21 Ekim 2010 Perşembe

19.10.2010

Doğum günü ne güzel şey lan. İnsan bütün gün salak salak gülüyor, etrafa eblek bakışlar atıyor. Bayram gibi bi şey- ki ben bayramlarda o kadar da anlamsız bi neşe içinde olmam.

Bu sene doğum günü kutlamaları erken saatlerde başladı. Çoğunluğu Yunanlılar'dan oluşan ama içinde Fransızlar'ın da bulunduğu bir grup insanla bi bara gittik. Saatin 12 olmasını heyecanla beklerken ve son 5, son 3 dakika diye Yunan dostum Stefania'yı darlarken aniden çişim geldi. Heyecandan olacak. Bizans döneminden kalma dehlizden devşirme tuvalete ulaşıp işimi gördükten sonra hemen geri döndüm. Dostlarımın yanına varayazdım ki hep bir ağızdan"iikidodupinaaa" sesleriyle gönlümü fethettiler. Yazık fakirler öyle sen, ben gibi bastıra bastıra söyleyemiyorlar. Ortada esen memleket rüzgarıyla bi coştum, dalgalandım. Derken ertesi gün dersim var mı diye maillerimi ve facebook hesabımı kontrol ettiğim sırada arkadaşım Zeynep'in 2. geleneksel doğum günü video çıkarmasını gördüm. Daha bi coştum. Bi ağlamalar, hüzünlenmeler filan.

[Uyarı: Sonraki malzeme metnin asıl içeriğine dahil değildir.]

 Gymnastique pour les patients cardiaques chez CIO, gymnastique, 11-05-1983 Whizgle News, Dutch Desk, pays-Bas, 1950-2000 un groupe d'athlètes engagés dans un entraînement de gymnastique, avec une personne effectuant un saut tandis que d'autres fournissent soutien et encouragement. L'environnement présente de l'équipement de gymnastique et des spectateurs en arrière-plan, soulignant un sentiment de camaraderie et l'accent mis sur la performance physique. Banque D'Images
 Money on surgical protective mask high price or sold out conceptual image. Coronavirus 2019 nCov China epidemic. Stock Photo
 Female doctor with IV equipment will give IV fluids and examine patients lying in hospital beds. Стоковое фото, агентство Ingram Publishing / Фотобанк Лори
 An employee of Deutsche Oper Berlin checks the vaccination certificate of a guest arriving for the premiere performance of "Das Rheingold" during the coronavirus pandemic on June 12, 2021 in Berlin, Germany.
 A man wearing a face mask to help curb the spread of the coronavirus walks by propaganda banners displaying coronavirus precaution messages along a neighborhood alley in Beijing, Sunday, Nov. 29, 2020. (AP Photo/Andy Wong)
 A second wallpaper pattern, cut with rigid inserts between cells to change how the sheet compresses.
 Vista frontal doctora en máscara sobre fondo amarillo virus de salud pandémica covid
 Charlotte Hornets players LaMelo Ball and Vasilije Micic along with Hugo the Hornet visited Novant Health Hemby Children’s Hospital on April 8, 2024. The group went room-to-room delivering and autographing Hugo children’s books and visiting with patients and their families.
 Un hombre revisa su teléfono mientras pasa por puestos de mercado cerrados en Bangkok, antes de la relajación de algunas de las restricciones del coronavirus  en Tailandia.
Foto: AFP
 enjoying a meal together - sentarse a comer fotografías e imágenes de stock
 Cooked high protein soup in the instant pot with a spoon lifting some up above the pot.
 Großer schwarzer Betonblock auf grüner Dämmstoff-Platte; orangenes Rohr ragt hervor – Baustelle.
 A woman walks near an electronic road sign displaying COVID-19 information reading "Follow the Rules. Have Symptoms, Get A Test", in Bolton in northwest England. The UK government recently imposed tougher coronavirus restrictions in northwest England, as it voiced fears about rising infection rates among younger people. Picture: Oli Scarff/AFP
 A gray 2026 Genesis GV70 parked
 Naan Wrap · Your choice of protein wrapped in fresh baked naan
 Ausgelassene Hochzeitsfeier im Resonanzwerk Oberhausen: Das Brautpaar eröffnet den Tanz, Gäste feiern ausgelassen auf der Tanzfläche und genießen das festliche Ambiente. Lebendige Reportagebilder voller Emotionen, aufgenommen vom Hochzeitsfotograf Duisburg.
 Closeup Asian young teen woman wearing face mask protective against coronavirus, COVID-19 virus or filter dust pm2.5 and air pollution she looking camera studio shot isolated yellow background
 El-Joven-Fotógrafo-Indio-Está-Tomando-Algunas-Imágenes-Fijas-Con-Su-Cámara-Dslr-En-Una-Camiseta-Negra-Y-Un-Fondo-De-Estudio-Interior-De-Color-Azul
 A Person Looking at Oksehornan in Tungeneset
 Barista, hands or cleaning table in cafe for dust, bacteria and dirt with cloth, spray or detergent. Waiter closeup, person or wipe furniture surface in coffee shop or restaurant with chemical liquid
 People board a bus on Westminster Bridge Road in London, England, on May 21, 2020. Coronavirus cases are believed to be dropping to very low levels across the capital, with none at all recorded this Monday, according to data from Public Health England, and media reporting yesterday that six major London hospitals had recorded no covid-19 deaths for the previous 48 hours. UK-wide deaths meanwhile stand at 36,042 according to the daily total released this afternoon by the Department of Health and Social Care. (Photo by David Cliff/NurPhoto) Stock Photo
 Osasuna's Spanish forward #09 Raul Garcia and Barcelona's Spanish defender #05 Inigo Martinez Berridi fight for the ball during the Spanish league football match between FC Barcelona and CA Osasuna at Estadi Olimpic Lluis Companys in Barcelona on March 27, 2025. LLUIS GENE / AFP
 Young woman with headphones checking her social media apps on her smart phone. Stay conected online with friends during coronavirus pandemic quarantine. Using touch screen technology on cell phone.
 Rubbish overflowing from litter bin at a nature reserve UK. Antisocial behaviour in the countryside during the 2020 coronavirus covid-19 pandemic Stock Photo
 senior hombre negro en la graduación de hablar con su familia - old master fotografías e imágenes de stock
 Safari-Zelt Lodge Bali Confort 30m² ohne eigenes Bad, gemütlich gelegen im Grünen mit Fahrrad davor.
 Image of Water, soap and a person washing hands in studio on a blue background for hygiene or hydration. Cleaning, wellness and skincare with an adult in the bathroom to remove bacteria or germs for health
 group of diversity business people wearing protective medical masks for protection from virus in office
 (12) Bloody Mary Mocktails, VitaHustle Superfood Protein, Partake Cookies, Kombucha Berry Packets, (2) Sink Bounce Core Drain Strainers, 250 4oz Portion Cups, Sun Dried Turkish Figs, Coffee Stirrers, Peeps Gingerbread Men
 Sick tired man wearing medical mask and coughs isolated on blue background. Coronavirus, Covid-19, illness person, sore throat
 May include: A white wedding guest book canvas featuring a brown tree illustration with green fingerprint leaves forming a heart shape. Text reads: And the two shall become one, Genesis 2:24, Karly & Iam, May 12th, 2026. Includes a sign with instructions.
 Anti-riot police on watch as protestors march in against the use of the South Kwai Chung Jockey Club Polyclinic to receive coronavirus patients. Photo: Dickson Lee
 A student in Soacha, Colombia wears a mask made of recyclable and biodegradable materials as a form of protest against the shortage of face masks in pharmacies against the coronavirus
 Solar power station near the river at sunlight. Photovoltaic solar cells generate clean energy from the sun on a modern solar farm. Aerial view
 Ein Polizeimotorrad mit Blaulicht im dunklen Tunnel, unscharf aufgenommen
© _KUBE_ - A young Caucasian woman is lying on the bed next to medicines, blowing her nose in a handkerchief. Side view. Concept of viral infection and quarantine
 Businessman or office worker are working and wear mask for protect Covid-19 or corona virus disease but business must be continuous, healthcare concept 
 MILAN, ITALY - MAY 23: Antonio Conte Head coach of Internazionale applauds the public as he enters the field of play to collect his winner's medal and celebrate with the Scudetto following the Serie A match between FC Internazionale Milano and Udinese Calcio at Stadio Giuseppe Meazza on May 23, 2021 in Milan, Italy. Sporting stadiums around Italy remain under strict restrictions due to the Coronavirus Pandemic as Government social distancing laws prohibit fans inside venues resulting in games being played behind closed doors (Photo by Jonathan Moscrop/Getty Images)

Ertesi sabah doğum günü salağı olarak güne başladığım sırada, yoldaşım, kader arkadaşım Arıza Hanım'ın (ismine takılmayın, özünde çok iyi bi insan, tanısanız çok seversiniz) "Burda bi böcek var" diye beni tongaya düşürdü ve o muhteşem foto enstalasyonuyla karşılaştım. O da şöyle bi şey:


Zaman geçtikçe kutlamalar hız kazandı. Adeta tüm dünya tek yürek oldu ve her yerde bi şenlik, bi bi şeyler filan. İşte tam o sırada Diğer bi arkadaşım Beyazçorap'ın mesajı ve videosuna rastladım.

Akşam oldu, hüzünlenmedim bu sefer (ay bunu yapmamalıydım ama tutamadım kendimi), Natacha'lara gittik. Marc bize yemek yaptı, überbaharatlı bi Meksika yemeği hazırladı. Bir de pasta yaptık. Gece boyunca 150 defa "joyeux anniversaire" diye çığlıklar attık. "C'est un truc de dingue" diye bağırıp durduk. Bu da "şikolatapasta"
Demem o ki, bu sene çok güzel bi doğum günü geçirdim. Ama ben tüm bunlar olurken başka bir şeyi düşünüyordum. İnsanın yılda bir kez doğum günü oluyor. O günü bekleyip salak salak, anlamsızca mutlu olması için bir yıl daha beklemesi gerekiyor. Aslında doğum günleri her şeyi sadece bir kere yaşayabildiğimizi hatırlatan bir şey. Böyle de alttan alta didaktik bir son yazmak istemezdim ama bu da böyle olsun.